Widening the scope of Brazilian philanthropy
The Philanthropy Network for Social Justice organizations, Brazilian co-publishers of the PSJP report, therefore play a crucial role in Brazil. They widen the scope of Brazilian philanthropy by focusing on themes that are mainly avoided by the generally risk-averse corporate and family organizations, such as human rights and racial equity (here too there are really nice exceptions, also presented by the report). These mostly independent funds promote the strengthening of civil society organizations through grantmaking.

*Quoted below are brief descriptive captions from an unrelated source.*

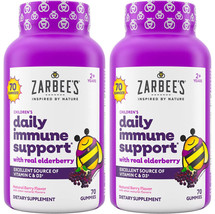 2 Zarbee&#39;s Elderberry Gummies for Kids with Vitamin C Zinc Elderberry Daily 140 - £29.83 GBP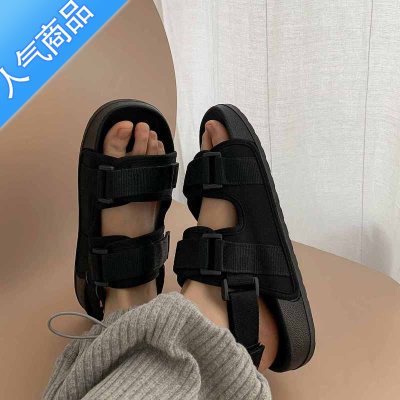 SUNTEK大码凉鞋41一43女外穿夏季运动新款胖脚宽魔术贴平底厚底罗马女鞋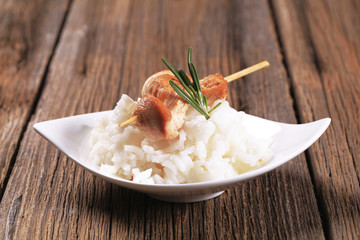 Chicken skewer with rice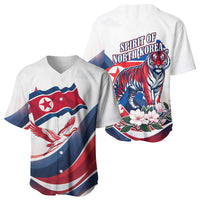 North Korea Flag Day Spirit Of North Korea Baseball Jersey Flying Crane Graphic With Tiger Portrait And Magnolia Flowers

As well described by the report, Brazil does not have a well-established and recognized civil society. The political culture has been top down for most of the country’s history. Democracy is quite recent – the last dictatorship ended just over 30 years ago. The words ‘Order and Progress’ on the Brazilian flag are today part of the marketing strategy of the government that took over after the impeachment of the more left-leaning Dilma Rousseff in 2016. ‘Order’ in Brazil means a strong centralized government, controlling the executive, legislative and judiciary – as well as the economy – all at the same time.
Civil society, especially the part of it that advocates for social justice, is frequently accused of moving in the opposite direction. It is more identified with those that have historically been sidelined from the patrimonialist governance of the country. For most of the present government bureaucrats and politicians, dissent is seen as disorder.
Transforming Brazilian philanthropy from operating to grantmaking, from a focus on restricted interests towards a social justice orientation, has implications that go far beyond reaching a new ‘paradigm of giving’ in the country. It means moving tectonic structures of power and concentration of wealth that have been in place since the foundation of Brazil in 1500.
Fernando Rossetti is principal at Reos Partners, an international consultancy on systemic change. He was secretary general of GIFE from 2004 to 2013 and chair of the board of directors of WINGS from 2008 to 2012.